Live demo and image generation scripts for Module 23 (Reinforcement Learning). Trains three methods — SARSA, Q-learning, DQN — on CartPole-v1 and lets you watch them learn in real time.


Prerequisites

  • Python 3.9 or later
  • No GPU needed — everything runs on CPU
  • A working display for the live window (X11 or Wayland on Linux, native on macOS/Windows)

Setup (one time)

# 1. Navigate here
cd clase/23_reinforcement_learning/deep_rl

# 2. Create the virtual environment and install dependencies (~2-5 min first time)
./setup.sh

# 3. Activate the environment
source .venv/bin/activate

# You should see (.venv) in your prompt. You're ready.

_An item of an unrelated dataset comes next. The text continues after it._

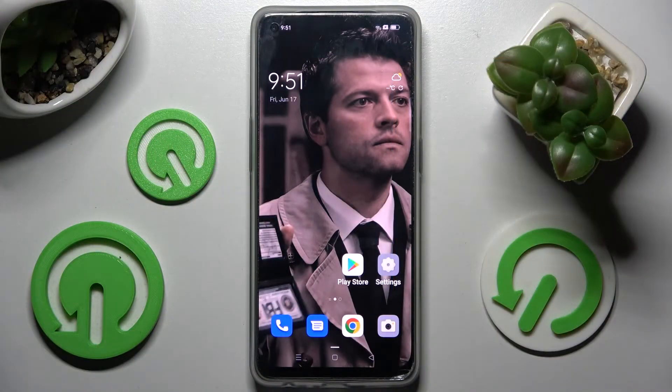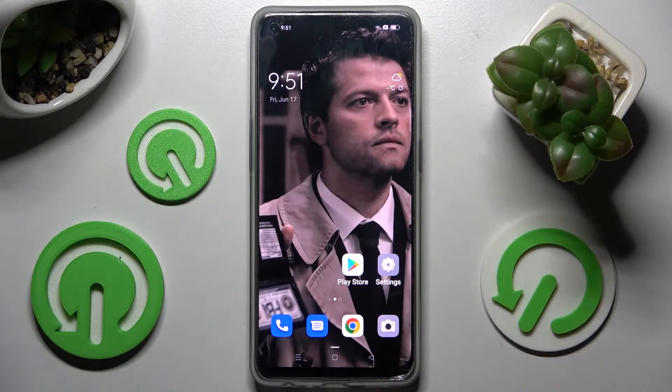Hi! In front of me is Oppo Reno7 Lite, and today I would like to show you how you can manage automatic text correction on this Oppo.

To deactivate when you’re done:

deactivate

What gets installed

Package Version Purpose
torch 2.5.1 (CPU) Neural network for DQN
gymnasium[classic-control] 1.0.0 CartPole-v1 environment
numpy 1.26.4 Arrays and discretization
matplotlib 3.9.4 Live window and plot generation
tqdm 4.67.1 Terminal progress bars

Live demo: demo_cartpole.py

Quick start

# Watch DQN learn (recommended first run)
python demo_cartpole.py --method dqn

# Compare all 3 methods, then see a final summary plot
python demo_cartpole.py --compare

All flags

Flag Options Default Description
--method sarsa qlearning dqn dqn Algorithm to train
--compare off Run all 3 methods sequentially, show final comparison
--episodes any integer 500 Number of training episodes
--speed fast normal slow normal How often to update the animation window

Speed controls how many training steps occur between window refreshes:

Speed Steps per frame Best for
slow 1 Watching every single action
normal 5 Balanced — smooth animation
fast 20 Getting to convergence quickly, less animation detail

Common commands

# Watch DQN converge over 500 episodes (default)
python demo_cartpole.py --method dqn

# Faster run — 200 episodes, update window every 20 steps
python demo_cartpole.py --method dqn --episodes 200 --speed fast

# Watch a tabular method (SARSA or Q-learning)
python demo_cartpole.py --method sarsa
python demo_cartpole.py --method qlearning

# Slow motion — see every step clearly
python demo_cartpole.py --method dqn --episodes 100 --speed slow

# Compare all 3 methods with 300 episodes each
python demo_cartpole.py --compare --episodes 300

# Quick comparison (150 episodes per method, ~2-3 min total)
python demo_cartpole.py --compare --episodes 150

The window layout

When you run a single method, a window opens with 4 panels and a status bar:

┌─────────────────────────┬──────────────────────────┐
│                         │                          │
│   CartPole animation    │   Reward per episode     │
│   (live rendering)      │   + 50-ep rolling avg    │
│                         │   + solved line (475)    │
├─────────────────────────┼──────────────────────────┤
│                         │                          │
│   DQN: MSE loss curve   │   DQN: Q-value           │
│   Tabular: ε decay      │        distribution      │
│                         │   Tabular: Q-table       │
│                         │           heatmap        │
├─────────────────────────┴──────────────────────────┤
│   Status bar: episode | ε | avg reward | loss      │
└────────────────────────────────────────────────────┘

Top-left — CartPole animation: The physical simulation rendered in real time. Early on (ε high) the agent acts randomly and the pole falls immediately. As ε decays and the agent learns, the cart starts making smooth corrective movements to keep the pole up.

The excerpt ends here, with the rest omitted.